That is basically what I have said all along (including their points about Roma and Gorani).
As for quibbling about whether these IDPs were Ethnically Cleansed, the accepted definitions:
I use the definition offered by the Commission of Experts, in their first Interim Report 10/2/1993
'Considered in the context of the conflicts in the former Yugoslavia, ethnic cleansing means rendering an area ethnically homogenous by using force and intimidation to remove persons of given groups from the area."
Andrew Bell-Fialkoff says "...ethnic cleansing can be understood as the expulsion of an `undesirable' population from a given territory due to religious or ethnic discrimination, political, strategic or ideological considerations, or a combination of these."
[http://www.foreignaffairs.org/19930601faessay5199/andrew-bell-fialkoff/a-brief-history-of-ethnic-cleansing.html ]
Given these definitions, and the facts of not onky what happened and CONTINUES to happen daily in Kosovo, the question is beyond doubt in my mind.
The the mechanized military offensive in 1998/99 was against the KLA with undeniable crimes also commited against civilians (mostly after the bombing).
The deracination of Serbs, and the obstruction of returnees, is an ongoing problem in Kosovo today.
It is low intensity operations conducted at the level of all ethnic war - machetes, drive-bys, hand grenades, stonings, arson....
Posted by: LimbicSo Limbic,
All your sources relate either directly to the UNHCR report, or indirectly (because the Human Rights Watch takes it at face value).

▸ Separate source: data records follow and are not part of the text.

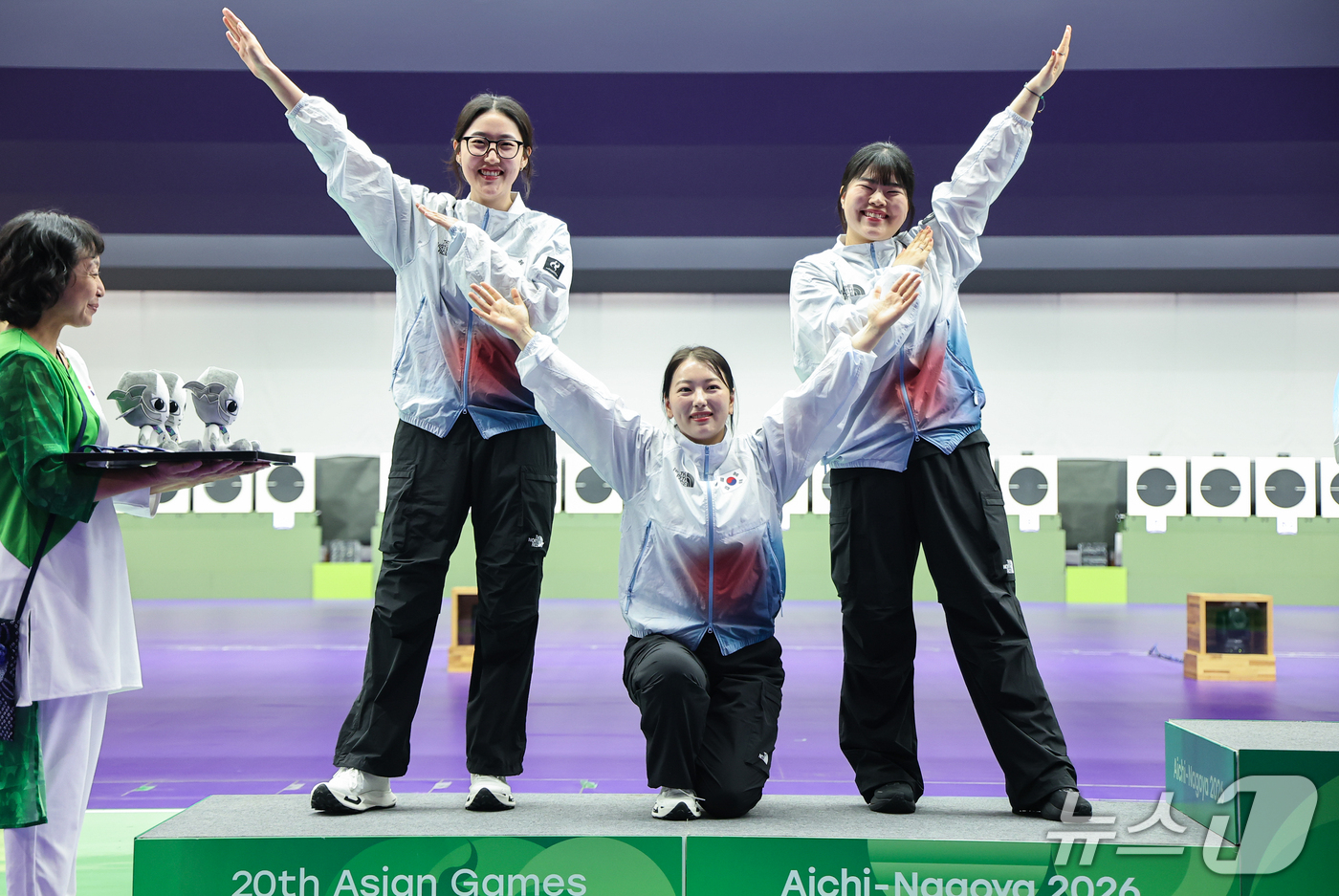 (도요타=뉴스1) 김도우 기자 = 대한민국 양지인(왼쪽부터), 봉서린, 오예진이 28일 일본 도요타시 아이치현 종합사격장에서 열린 2026 아이치·나고야 아시안게임 사격 여자 25 …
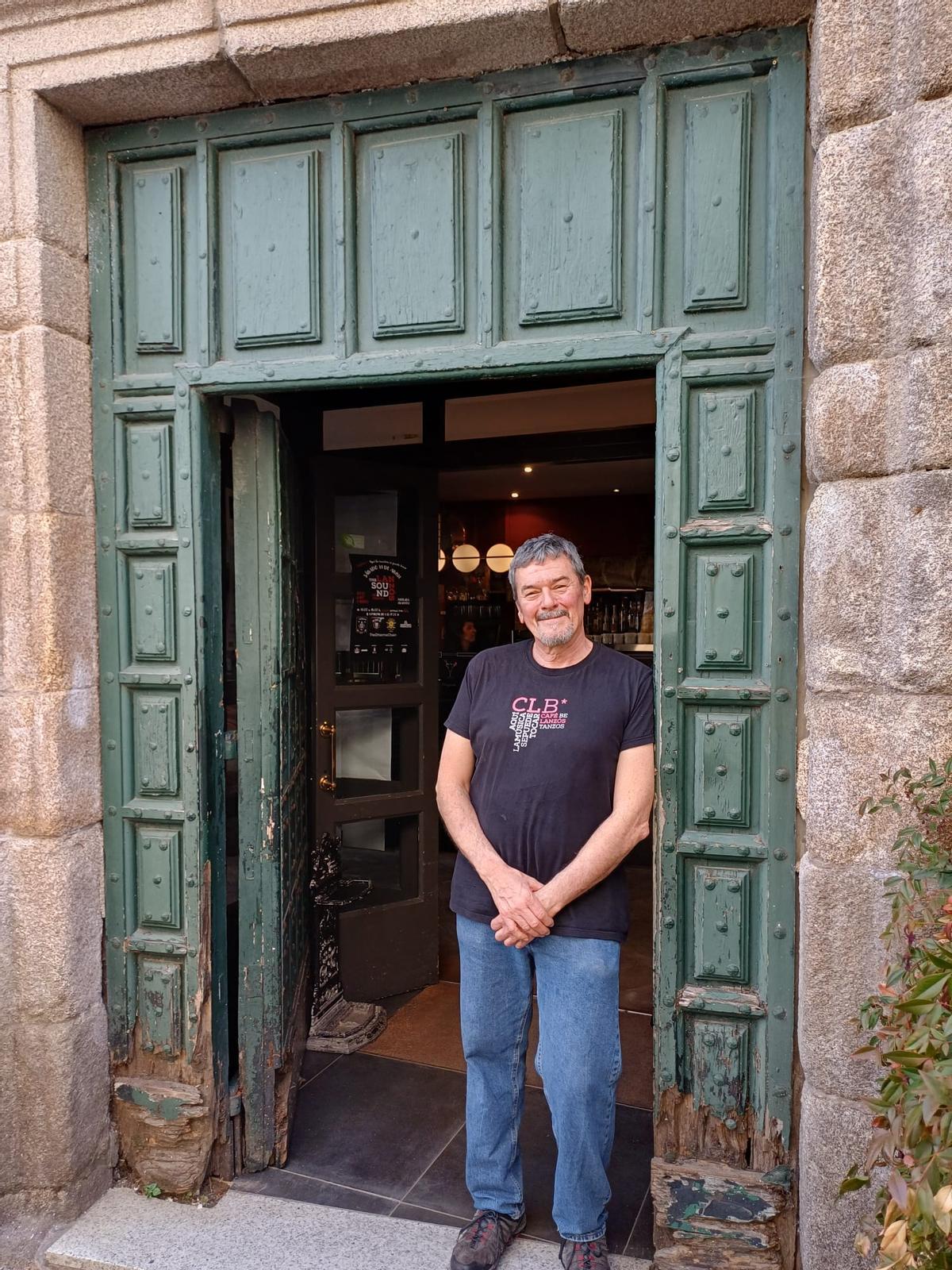 Adolfo Sánchez, a la entrada del Café Lanzós, en el casco histórico de Betanzos.
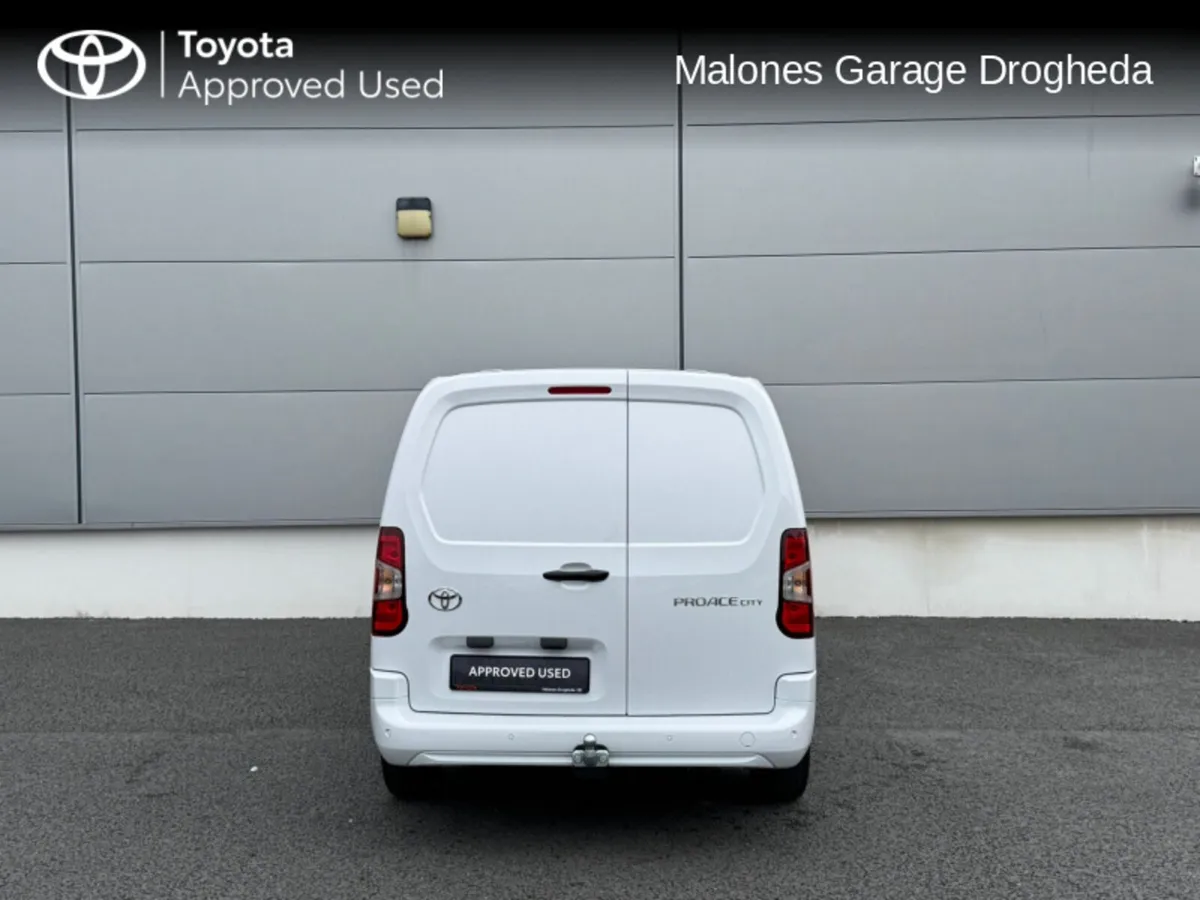 Toyota Proace City 1.5 LWB Automatic *VAT * Towbar - Image 4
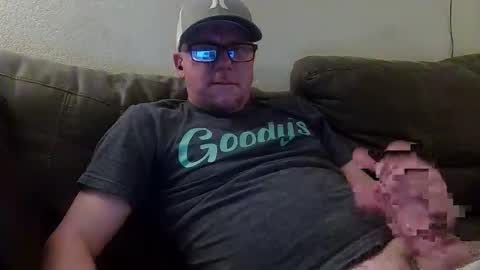 HuingsingleDad79 online show from May 4, 10:49 am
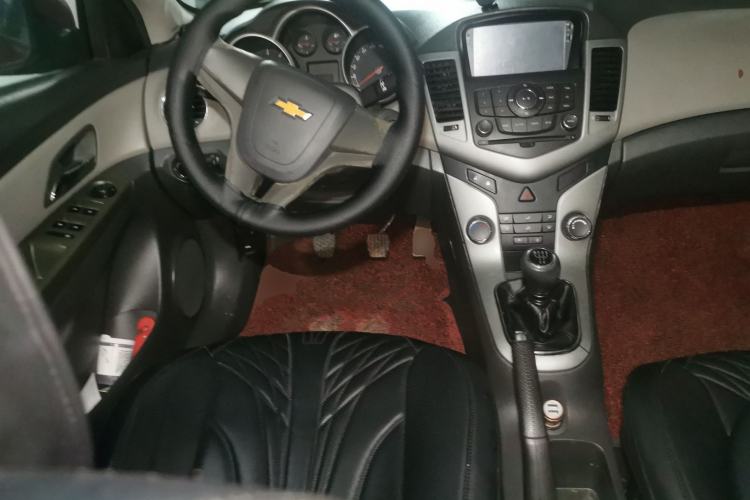Used Chevrolet Cruze 2010 1.6L SL Grand Touring Edition MT Steering Wheel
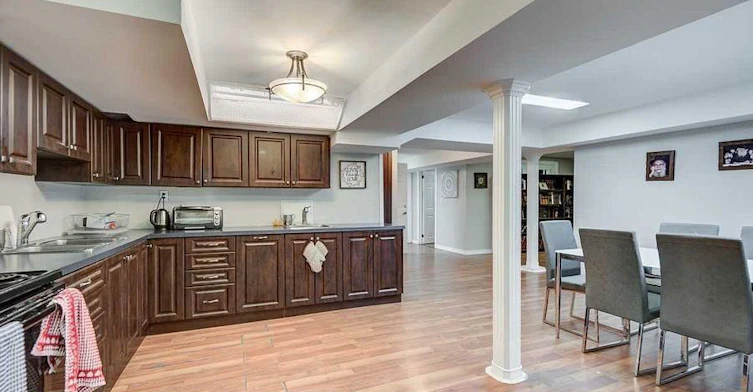 98 York Hill Boulevard, Vaughan, ON, L4J 2P6 - 2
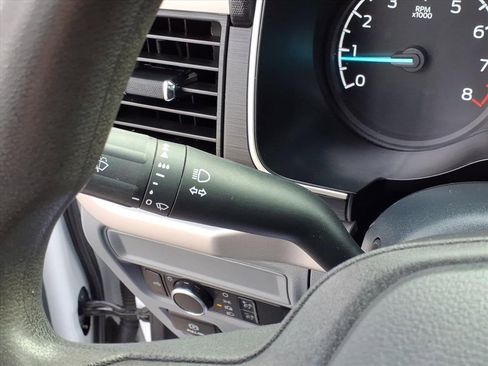 Used 2022 Ford F150 XL image 16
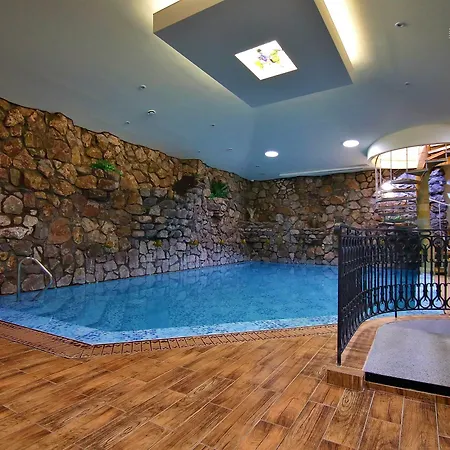 Parkhotel Ξενοδοχείο 4*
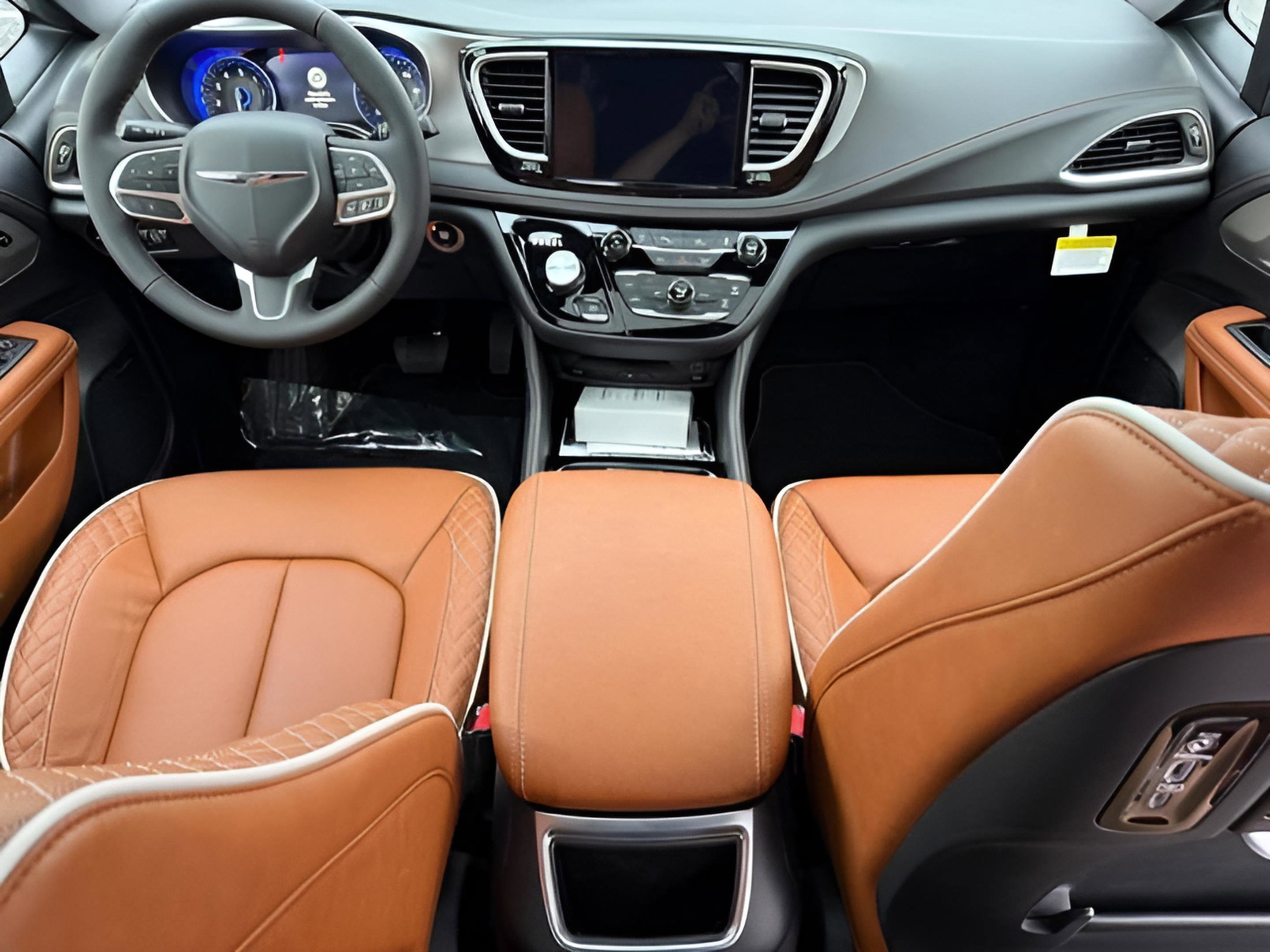 New 2026 Chrysler Pacifica Pinnacle image 16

But it turns out that the UNHCR report consists merely of numbers fed to them by the Serbian government (which also claims a total of 330K Serbs displaced from Kosovo, a number which the international monitoring authorities agree with me, in that it is bigger than the number of Serbs to have ever lived in Kosovo in the first place).
All your sources are either direct figures of the Serbian government, which are absurd and do not stand up to minimal scrutiny, or second-hand figures of the Serb Government (the UNHCR report), or third-hand figures of the Serb Government (the Human Rights Watch, citing the UNHCR report).
All the independent estimates not cooked by the Serbian government neither directly nor indirectly, converge at 65K, which is the figure Michael was given.
Also, like he points out, many of these people left voluntarily. Emigration of Serbs from Kosovo had started way before 1999, as the above sources reveal.
Next!
Throw me something else to debunk!
Posted by: medauraLimbic said:
"Michael, you link to the same source I did above???
How did you miss the headline “IDPs from and within Kosovo: 206,000 in Serbia and 21,000 within Kosovo”
That is basically what I have said all along (including their points about Roma and Gorani)."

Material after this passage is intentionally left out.